All of lore.kernel.org
 help / color / mirror / Atom feed
From: "Ilpo Järvinen" <ilpo.jarvinen@linux.intel.com>
To: Reinette Chatre <reinette.chatre@intel.com>
Cc: shuah@kernel.org, Dave.Martin@arm.com, james.morse@arm.com,
	 tony.luck@intel.com, babu.moger@amd.com, fenghuay@nvidia.com,
	 peternewman@google.com, zide.chen@intel.com,
	dapeng1.mi@linux.intel.com,  ben.horgan@arm.com,
	yu.c.chen@intel.com, jason.zeng@intel.com,
	 linux-kselftest@vger.kernel.org,
	LKML <linux-kernel@vger.kernel.org>,
	 patches@lists.linux.dev
Subject: Re: [PATCH v3 01/10] selftests/resctrl: Improve accuracy of cache occupancy test
Date: Thu, 26 Mar 2026 14:44:52 +0200 (EET)	[thread overview]

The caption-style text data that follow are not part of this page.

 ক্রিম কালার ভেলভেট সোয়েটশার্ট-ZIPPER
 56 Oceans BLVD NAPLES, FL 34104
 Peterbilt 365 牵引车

Message-ID: <7c10d8a4-cf81-aeea-4573-5d22ea39624c@linux.intel.com> (raw)
In-Reply-To: <b632cf0bad98f501079748346cb2e1dae120237d.1773432891.git.reinette.chatre@intel.com>

[-- Attachment #1: Type: text/plain, Size: 7992 bytes --]

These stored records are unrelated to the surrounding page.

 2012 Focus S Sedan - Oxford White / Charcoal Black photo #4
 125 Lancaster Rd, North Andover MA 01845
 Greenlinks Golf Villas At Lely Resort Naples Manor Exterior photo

On Fri, 13 Mar 2026, Reinette Chatre wrote:

> Dave Martin reported inconsistent CMT test failures. In one experiment
> the first run of the CMT test failed because of too large (24%) difference
> between measured and achievable cache occupancy while the second run passed
> with an acceptable 4% difference.
> 
> The CMT test is susceptible to interference from the rest of the system.
> This can be demonstrated with a utility like stress-ng by running the CMT
> test while introducing cache misses using:
> 
>    stress-ng --matrix-3d 0 --matrix-3d-zyx
> 
> Below shows an example of the CMT test failing because of a significant
> difference between measured and achievable cache occupancy when run with
> interference:
>     # Starting CMT test ...
>     # Mounting resctrl to "/sys/fs/resctrl"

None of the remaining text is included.